**What is being asked:** Transcribe every entry below word for word, but skip the pictures.

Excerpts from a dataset
* * *
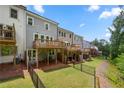 Backyard features a well-manicured lawn, fenced yard, and elevated patio at 402 Retreat Ln, Canton, GA 30114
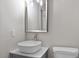 Modern bathroom featuring a vessel sink, sleek faucet, and a large mirror at 1209 Freeman Dr, Sanford, NC 27330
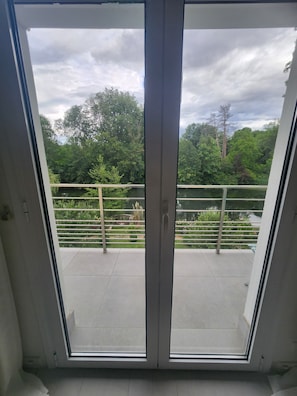 Une vue à travers une porte vitrée donnant sur un balcon extérieur, avec une rambarde en métal, de la verdure et un ciel nuageux.
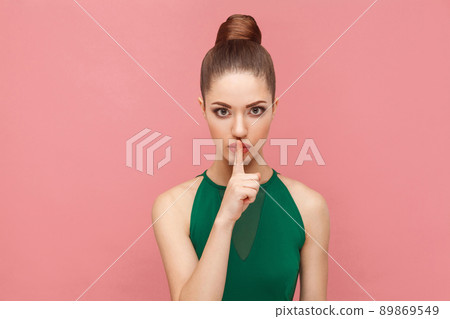 Woman showing shh, silence sign. Expression emotion and feelings concept. Studio shot, isolated on pink background Woman showing shh, silence sign. Expression emotion and feelings concept. Studio shot, isolated on pink background 89869549
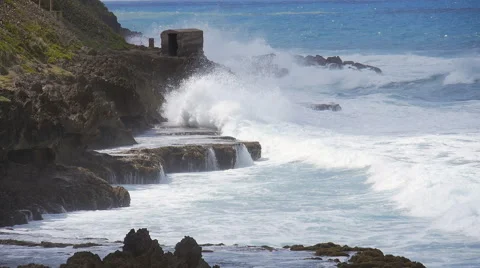 Slow Motion - Rough storm seas pounding rocky shore below El Morro Castle walls Stock Footage 61431741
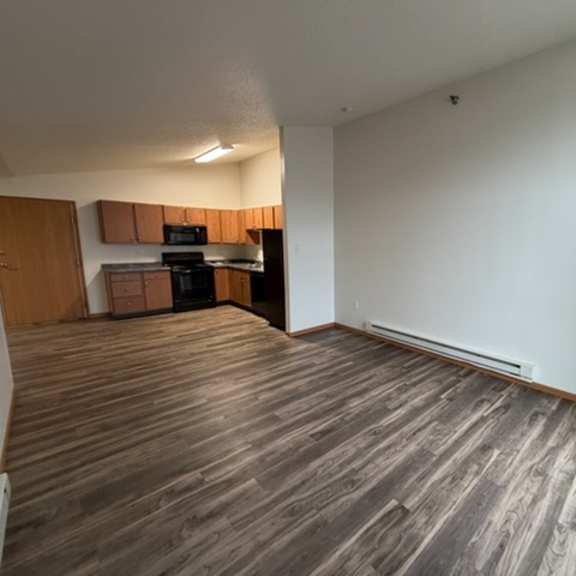 a room with wooden flooring and a kitchen area in the background.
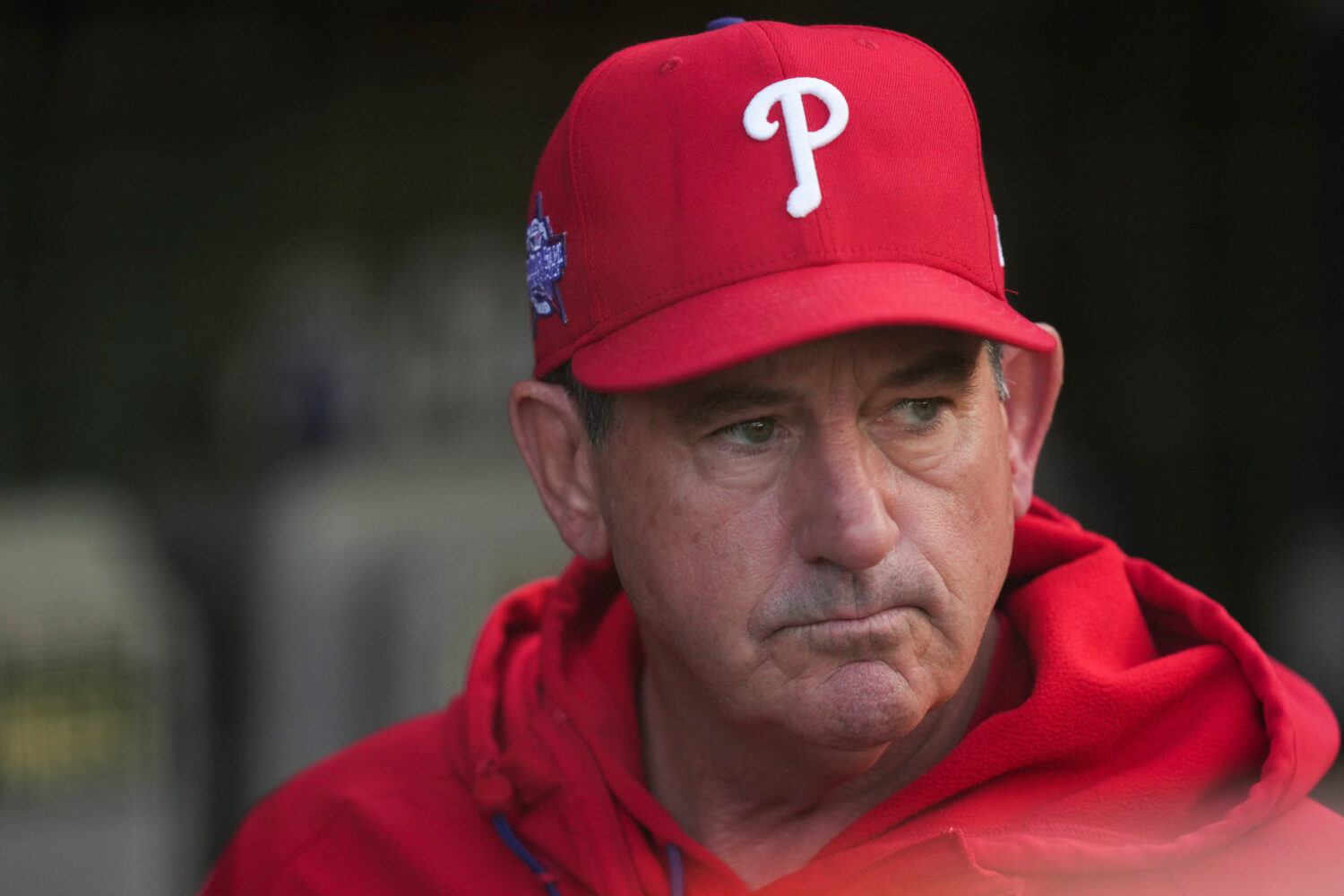 Philadelphia Phillies manager Rob Thomson (49) stands in the dugout before a baseball game against ...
* * *
**Solution:**
 Backyard features a well-manicured lawn, fenced yard, and elevated patio at 402 Retreat Ln, Canton, GA 30114
 Modern bathroom featuring a vessel sink, sleek faucet, and a large mirror at 1209 Freeman Dr, Sanford, NC 27330
 Une vue à travers une porte vitrée donnant sur un balcon extérieur, avec une rambarde en métal, de la verdure et un ciel nuageux.
 Woman showing shh, silence sign. Expression emotion and feelings concept. Studio shot, isolated on pink background Woman showing shh, silence sign. Expression emotion and feelings concept. Studio shot, isolated on pink background 89869549
 Slow Motion - Rough storm seas pounding rocky shore below El Morro Castle walls Stock Footage 61431741
 a room with wooden flooring and a kitchen area in the background.
 Philadelphia Phillies manager Rob Thomson (49) stands in the dugout before a baseball game against ...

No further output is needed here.